The BBC has admitted that it will miss the October launch for its micro:bit educational microcontroller, following problems with the device's power circuitry.
Unveiled back in March
, the micro:bit - then known as the Micro Bit - forms the central core of the BBC's new Make It Digital educational initiative. Inspired by the Computer Literacy Project of the 1980s, the broadcaster intends to provide every Year 7 pupil in the UK with a free micro:bit of their own, which they can program to light up an on-board grid of LEDs or interface with external hardware through clip-friendly pads.
The broadcaster had originally intended to release the micro:bit in October, unveiling a revised design
back in July. Sadly, that revision appears to be responsible for a hiccough in the roll-out, and the October date has now been scrapped. 'We've decided to make some minor revisions to the way power is supplied around the board, as this was affecting a few devices in rare and isolated instances,
' explained the BBC's head of learning Sinead Rocks in a blog post
this week. 'This will have an impact on our timings for distribution but we are working hard to make sure you get your micro:bits as quickly as possible.

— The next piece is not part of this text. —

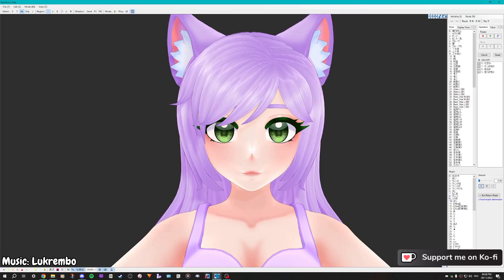And then in transform view, you will see your new facial morph. If we increase it to one, it will now appear.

That impact means that the promised free devices won't be arriving in schools until the new year, although Rocks has indicated that Year 7 teachers will be receiving hardware pre-Christmas to allow them time to familiarise themselves with the micro:bit. To that end, a website featuring embedded code editors and a simulator which allows users to write programs for the device prior to launch is also being made available.
The micro:bit has been beaten to market by the CodeBug
, the original design of which acted as inspiration for the BBC's device, following a successful Kickstarter campaign.